Article - Démocratie déléguée : mettons les technologies de l’information au service de la démocratie

Posté le 13/02/2017 dans geen categorie, Non classé @fr, Non classé @fr.

Les signaux d’alarme, invitant à repenser notre modèle démocratique, ne manquent pas. Les progrès technologiques permettent d’envisager des modèles plus perfectionnés. L’auteur de cet article en propose un : la démocratie déléguée. Celle-ci combine les avantages de la démocratie représentative classique et de la démocratie directe. Elle respecte la place des partis, mais elle réduit leur « toute-puissance ». Le citoyen peut choisir entre les élections classiques, dans l’isoloir, ou l’octroi d’une procuration nominative révocable à un parlementaire.
 

Fracture entre le citoyen et le monde politique

Il y a longtemps qu’une fracture se manifeste entre le citoyen et le monde politique. Il faut, semble-t-il des crises pour que les décideurs acceptent de se mettre en question : par exemple, quand les partis dits « extrémistes » voient leur popularité exploser. Quelle catastrophe faudra-t-il pour que le monde parlementaire fasse sa reconversion ? Dans les années ’30, tout le monde se rendait compte que la montée du nazisme représentait un danger pour la paix et la démocratie, mais combien de décideurs politiques étaient-ils prêts à en tirer les conclusions ?

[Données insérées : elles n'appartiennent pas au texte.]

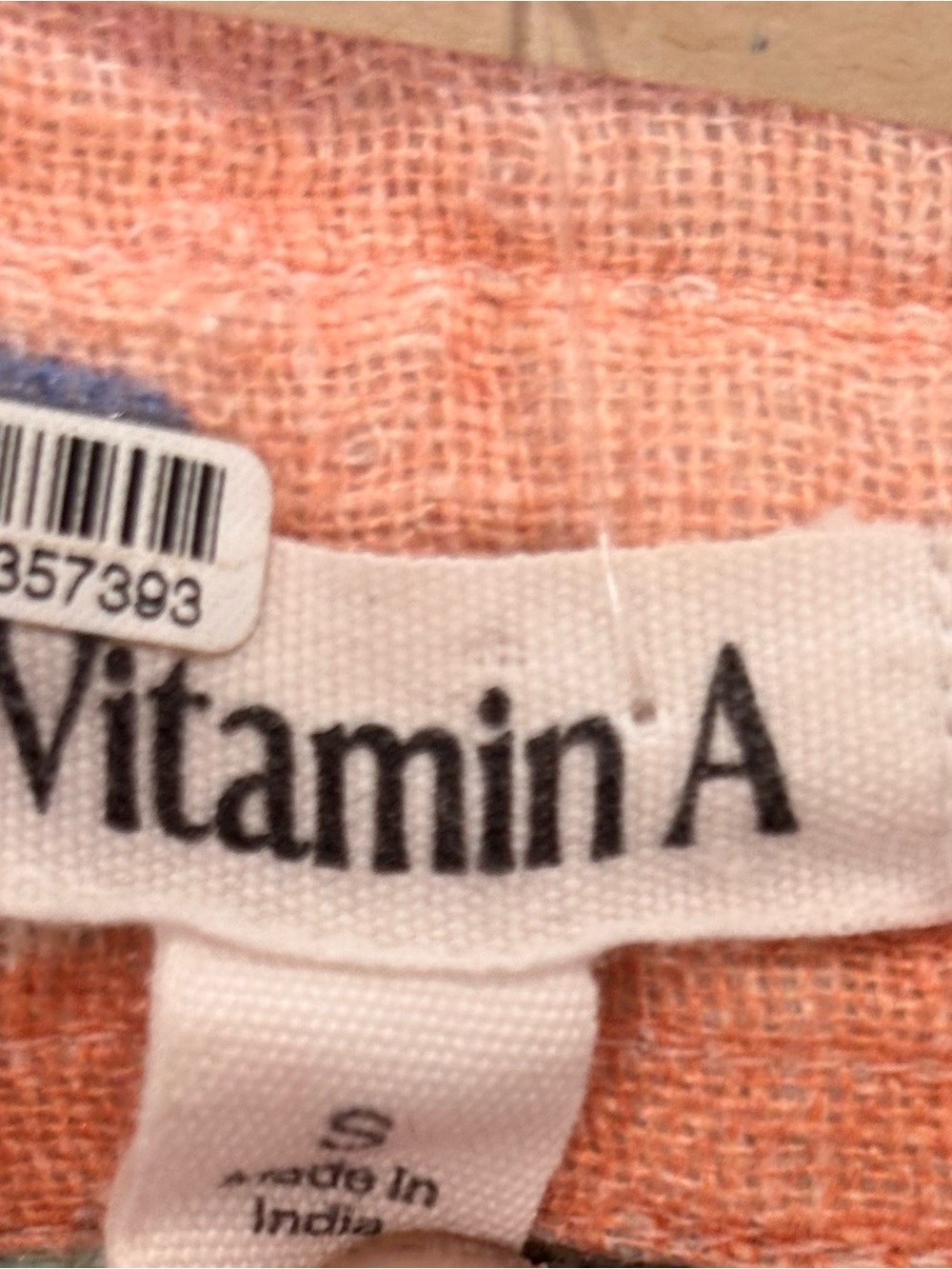 Vitamin A Playa 100% Linen Boyfriend Shirt Oversized Small MSRP $165. * flaw - Picture 7 of 9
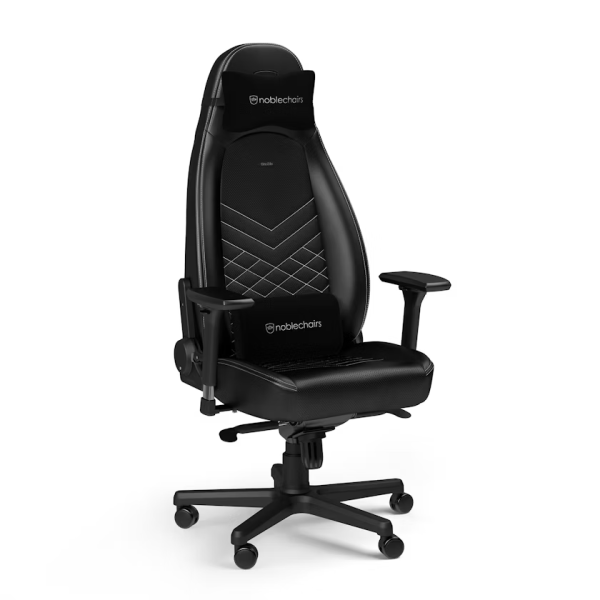 Noblechairs ICON Black/Platinum White Noblechairs ICON Black/Platinum White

Le peu de pouvoir dont dispose l’électeur, celui d’exprimer sa préférence pour des candidats, est neutralisé par le système dévolutif des votes en case de tête, comme nous l’expliquions dans notre article à ce sujet.

Lors de sa conférence du 21/11/2016 à l’ULB, M. fait remarquer que le modèle de démocratie installé dans nos pays, n’est plus en phase avec la mentalité moderne : « Nous abordons les problèmes du 21ème siècle, avec des procédures du 20ème siècle, et dans un cadre idéologique du 19ème siècle. »

Il faudrait dire que certaines procédures datent du 20ème siècle … avant J.C. À l’époque on était déjà capable de réunir physiquement une assemblée et de compter les mains levées. Quand mettrons-nous les technologies digitales véritablement au service de la démocratie ?
 

La démocratie déléguée, en 10 points

On oppose souvent démocratie représentative à démocratie directe. Il existe pourtant une solution qui combine les avantages de ces deux modèles prétendument antagonistes. Nous l’appelons la démocratie déléguée :

  • Le citoyen-électeur peut choisir entre (A) l’attribution d’une procuration nominative (cf. n°2), ou (B) le vote anonyme classique. Des élections sont organisées, comme à présent, pour les citoyens qui préfèrent voter dans l’isoloir.

Le vote (B) équivaut à une procuration irrévocable, jusqu’aux élections suivantes, au profit du parti ou du candidat de son choix. L’électeur peut voter pour plusieurs partis et/ou candidats, y compris en panachant. Dans ce cas, les partis et/ou candidats recevront chacun une fraction de procuration.

  • Le processus électoral fait largement appel aux technologies digitales pour gérer le registre des procurations.

Comparé aux technologies mises en place pour gérer, par exemple, les comptes bancaires, le système requis ici est bien plus simple.

  • Chaque citoyen avec droit de vote peut se faire représenter au parlement par n’importe quel autre citoyen-candidat. Le vote (A) consiste à donner procuration à un (seul) candidat, ou à retirer la procuration pour la transférer à un autre candidat, à n’importe quel moment.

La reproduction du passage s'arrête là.